4. Vollstreckung/Betreibung

Liegt das Rechtsöffnungsurteil des Kantonsgerichtes vor, muss mit diesem Urteil beim zuständigen Betreibungsamt das sogenannte „Fortsetzungsbegehren“ beantragt werden, also die Vollstreckung des Zahlungsbefehls über das gerichtlich als vollstreckbar erklärte deutsche Urteil. Die Betreibungshandlungen werden durch Betreibungsamt durchgeführt und entsprechen in den wesentlichen Grundzügen der deutschen Zwangsvollstreckung.

Eine Besonderheit gilt für Schuldner im Wirtschaftsrecht, also juristische Personen, gegen die die Betreibung dadurch eingeleitet wird, dass sie innerhalb einer Frist zur Zahlung der gesamten Forderung nebst Kosten aufgefordert werden. Bei Nichteinhaltung der Frist kann vom Gläubiger Konkurs beantragt werden.

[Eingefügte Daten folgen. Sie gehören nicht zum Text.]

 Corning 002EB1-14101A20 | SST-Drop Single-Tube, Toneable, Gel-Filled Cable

Im Gegensatz zur deutschen Konkursordnung hat der Gläubiger aber sämtliche Verfahrenskosten des Konkurses vorzuschießen, bei Unklarheit über die Konkursmasse ein wirtschaftliches Risiko.

5. Besondere Verfahren

Entsprechend der deutschen Zwangsvollstreckung gibt es auch nach dem Schweizerischen SchuKG die Möglichkeit, schon vor dem Zahlungsbefehl einen vorläufigen Arrest der Vermögenswerte zu erreichen, Art 271 ff SchuKG. Dies setzt aber die genauen Kenntnisse der Vermögenswerte voraus.

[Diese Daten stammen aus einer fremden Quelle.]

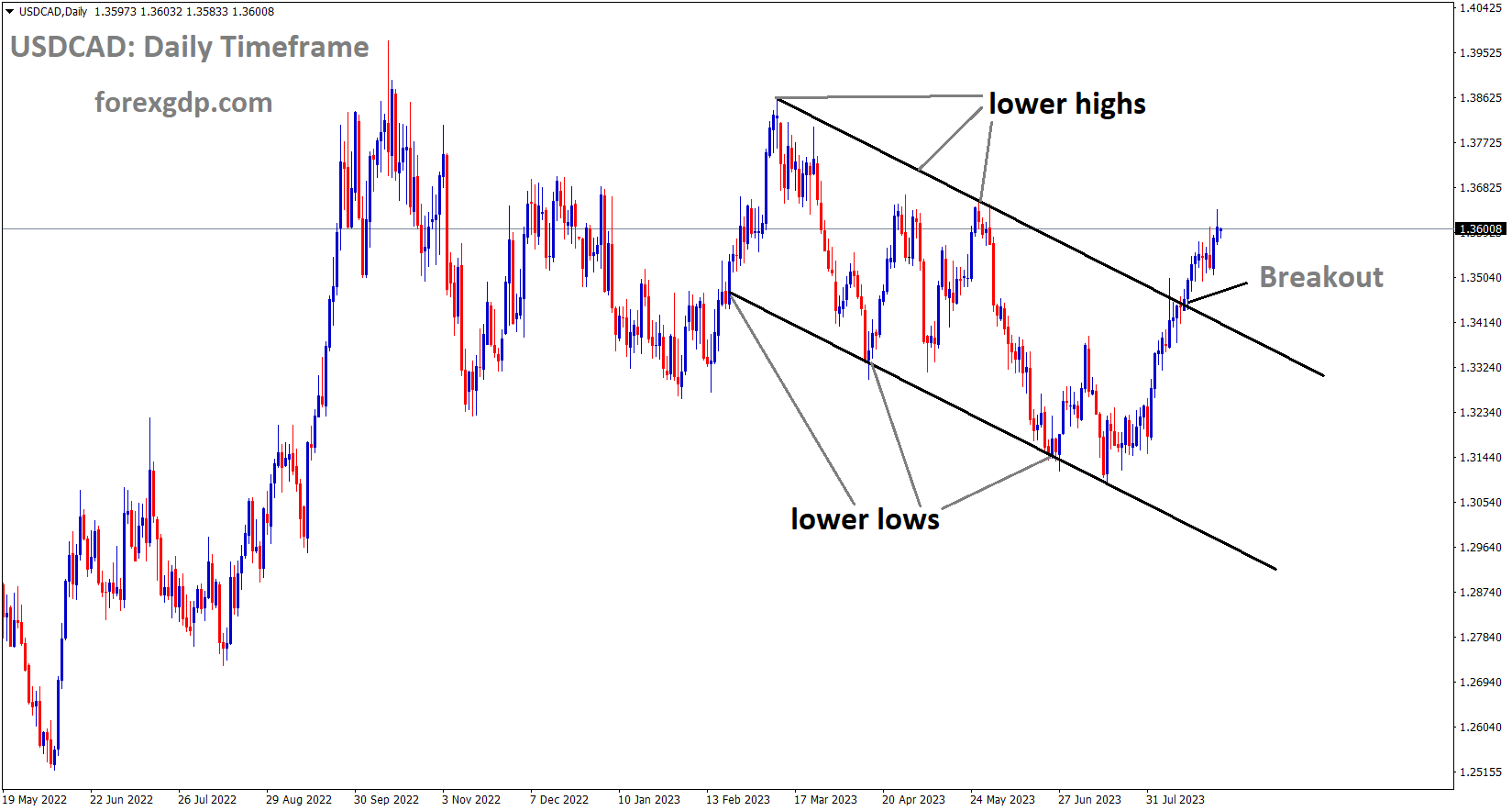 USDCAD has broken the Descending channel in upside USDCAD has broken the Descending channel in upside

Handelt es sich bei dem Schuldner um eine Bank oder Finanzintermediäre nach der eidgenössischen Geldwäscheverordnung, kann wegen der eidgenössischen Finanzmarktaufsicht oder entsprechender Aufsichtsbehörden Zahlungsdruck erzeugt werden.

Äquivalent zur deutschen Zwangsvollstreckung kann der Schuldner Klage vor dem zuständigen Schweizer Zivilgericht gegen die Betreibung erheben, wenn er Einwendungen gegen die Vollstreckung geltend machen will. Wobei hier grundsätzlich bei den schweizerischen Zivilgerichten gilt, dass dem Schuldner nur Zahlungsaufschub gewährt wird, wenn durch die Zahlung der betriebenen Schuld seine wirtschaftliche Existenz gefährdet ist.